Seaward himself is spellbinding and instantly endearing: Booming and bombastic, he bounds about like the lovechild of Brian Blessed and Jonathan Creek, all velvet, vocals and mad, mad hair. Throughout the hour he bewitches his audience with a truly impressive range of vocal intonation and a face that is unusually elastic: eyes flash wide and frowns seem to reach to the ground in a manner that perfectly marries the melodramatic and surreal elements of the show.

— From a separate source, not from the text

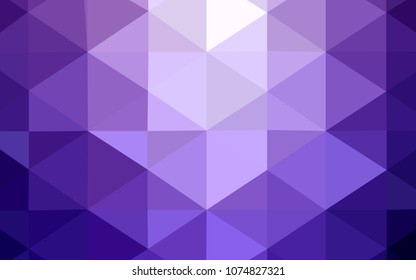 Light Purple vector polygonal pattern. A sample with polygonal shapes. The template for cell phone's backgrounds.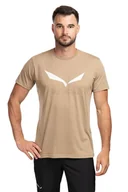 Koszulki męskie - Salewa Koszulka trekkingowa męska Solidlogo Dry SS beżowa 52_XL - miniaturka - grafika 1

The stories themselves are inventive and often incredibly funny. Seaward is hardly concerned with consistency and few of the tales make much narrative sense. Rather, twists and turns are furnished by off-the-wall wordplay and non-sequitur: What appear to be cobweb lattices at one moment become cobweb lettuces in another; seafarers spot giant plates of "lamb ahoy" upon the waves. Such oddball stories are studded with sections of audience participation - we learn to tie fishermen's bends and a number of us are invited onstage to go gravedigging (in a tiny tupperware box full of soil). This is altogether giddy good fun, and has the audience shrieking like ghosts.
There is a problem, however, with such heteroclite horror stories. The fact that narratives can spin off in any direction means that following them becomes both difficult and undesirable. Formlessness becomes a bit boring over the course of the hour, which plays out like a long list of odd images. This structural drawback is underscored by Seaward's decision to bookend the show with a single story, split into two readings. Whilst tension is ostensibly generated by leaving the tale on a "cliffhanger" midway through, the fact that it is essentially just a big bundle of nonsense means there is no sense of peril, no urgency to return to the reading at the end.

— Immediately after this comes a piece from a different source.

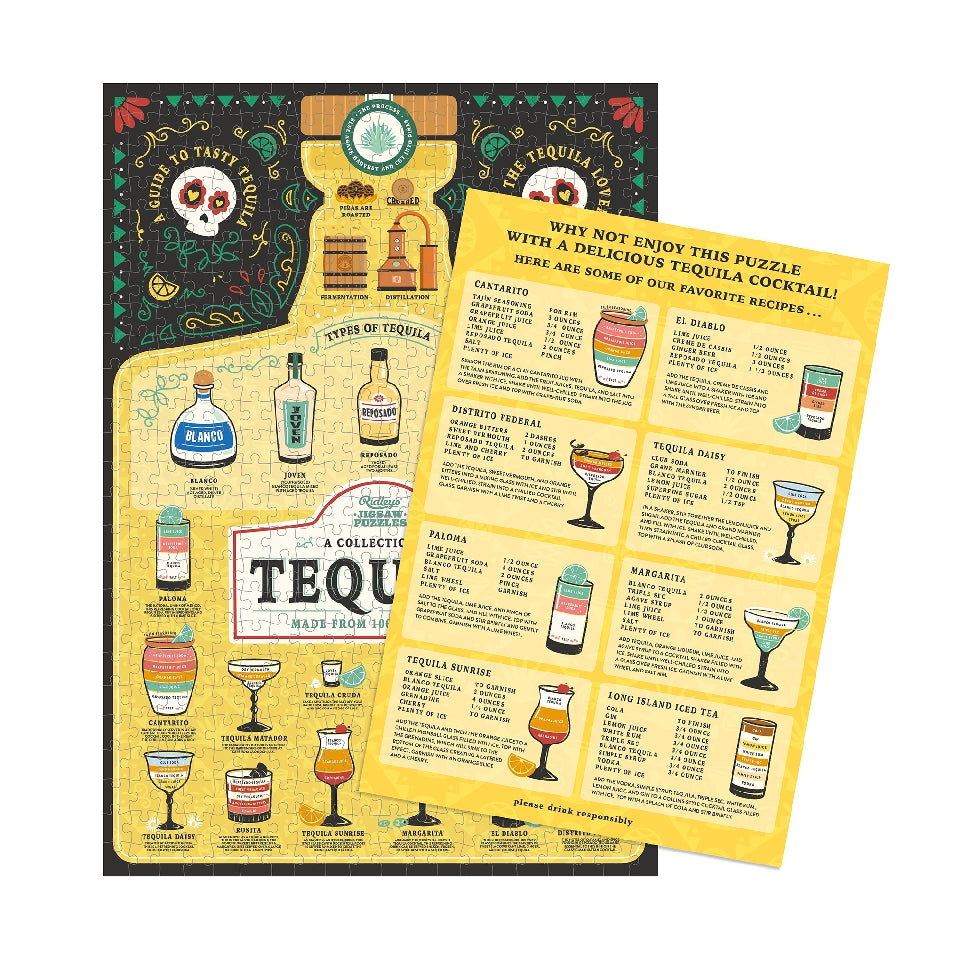 RIDLEY'S Tequila Lover's 500-piece Jigsaw Puzzle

Seaward also tends toward an overreliance on metacommentary during his performance - frequently noting that the book from which he reads has no words in it, or the fact that his portable graveyard is (shock! horror!) homemade. Whilst noting such shoddiness helps add to his bats-in-the-belfry bizarreness, it also undermines his conceit for too easy a comic payoff.
Will Seaward's Spooky Midnight Ghost Stories manages to spirit away the witching hour. Even if it’s haunted by a few structural issues, it's a ghoulishly good laugh.